#### DATA RECORDS ####

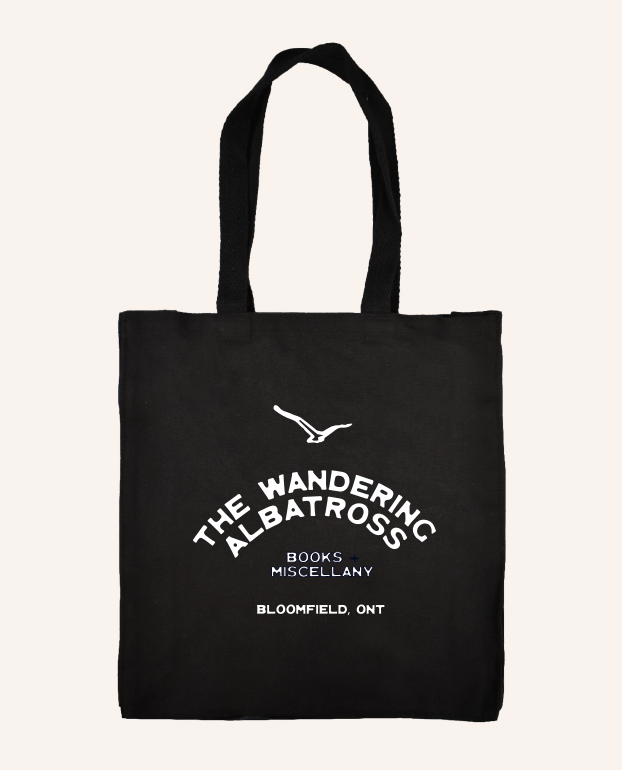 Wandering Albatross Tote, B & W Logo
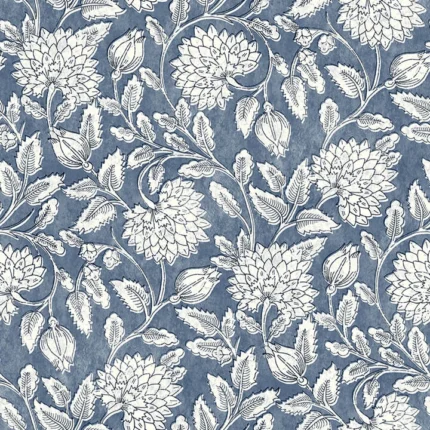 Vadouvan Navy Jacobean Trail Wallpaper wallpaper by York Wallcoverings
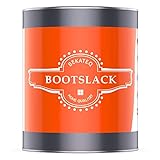 BEKATEQ BE-400 Premium Bootslack farblos seidenmatt, 1 Liter I Klarlack...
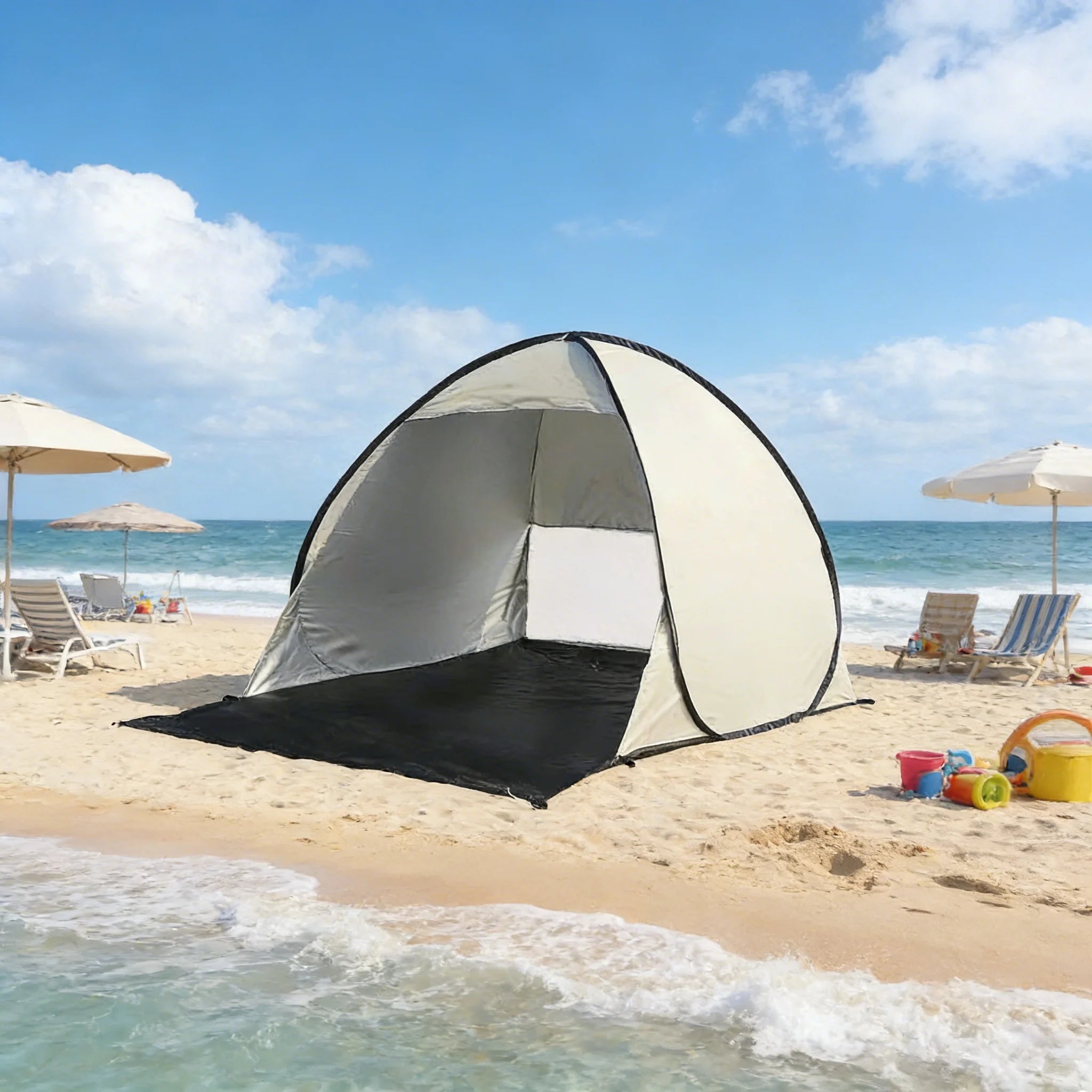 2-3 Person Quick-Open Beach &
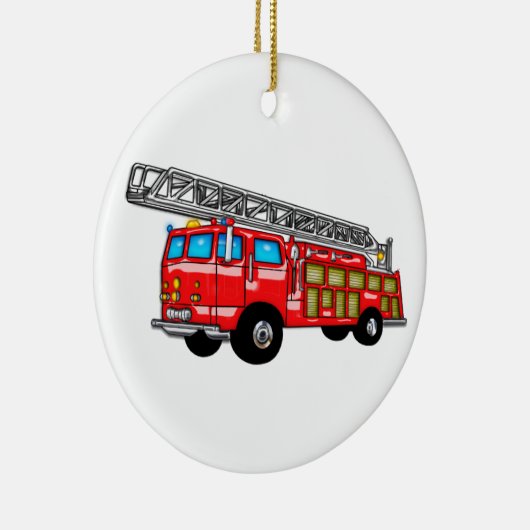 Brandweermotor Keramisch Ornament (Rechts)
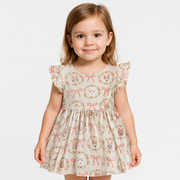 Bows & Bunnies (twirl Dress)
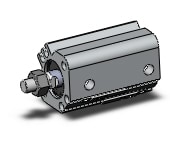 SMC CDQ2A16-15DMZ-A90 cylinder, CQ2-Z COMPACT CYLINDER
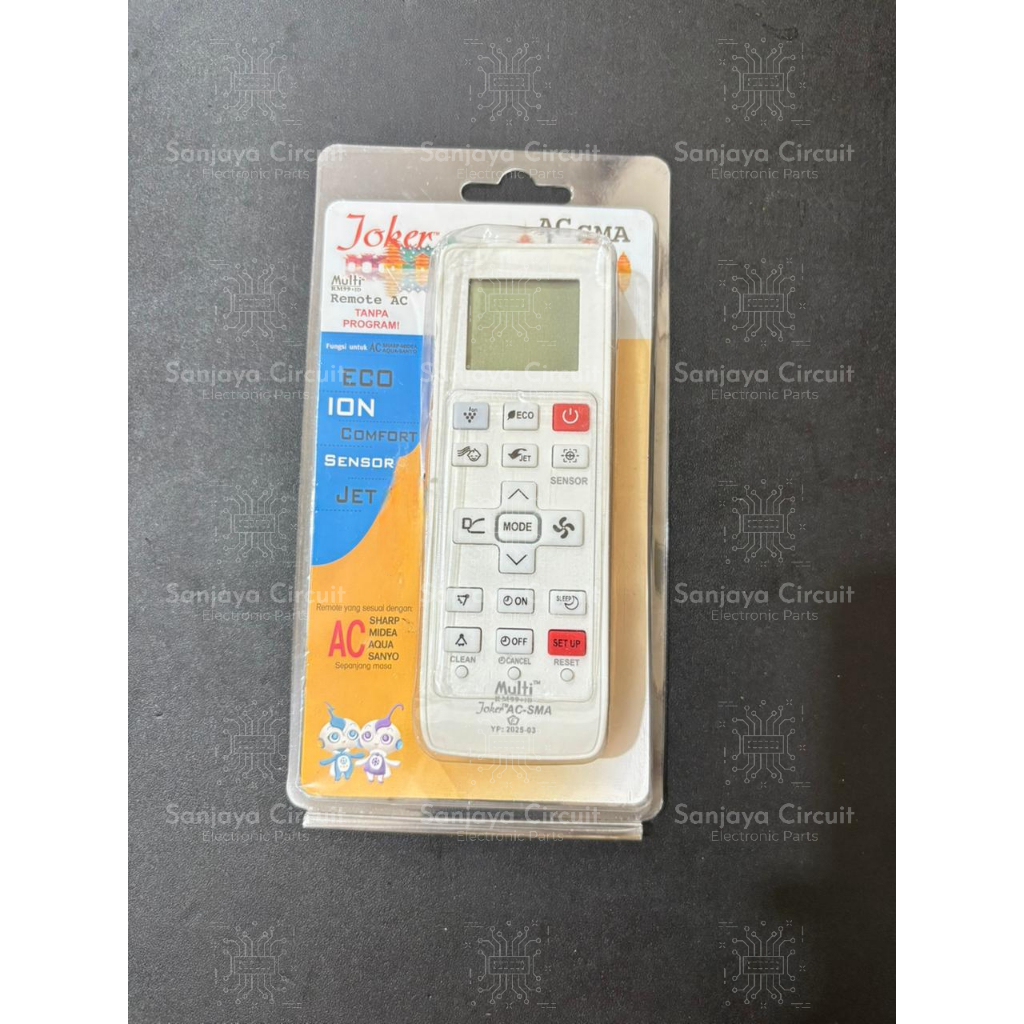Remote Remot AC Sharp / Midea / Aqua / Sanyo Multi Universal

####

--- TASK TO CARRY OUT ---
The records are to be retyped in full and exactly, with no image carried over.

--- SOLUTION FOR THIS TASK ---
 Wandering Albatross Tote, B & W Logo
 Vadouvan Navy Jacobean Trail Wallpaper wallpaper by York Wallcoverings
 BEKATEQ BE-400 Premium Bootslack farblos seidenmatt, 1 Liter I Klarlack...
 2-3 Person Quick-Open Beach &
 Brandweermotor Keramisch Ornament (Rechts)
 Bows & Bunnies (twirl Dress)
 SMC CDQ2A16-15DMZ-A90 cylinder, CQ2-Z COMPACT CYLINDER
Remote Remot AC Sharp / Midea / Aqua / Sanyo Multi Universal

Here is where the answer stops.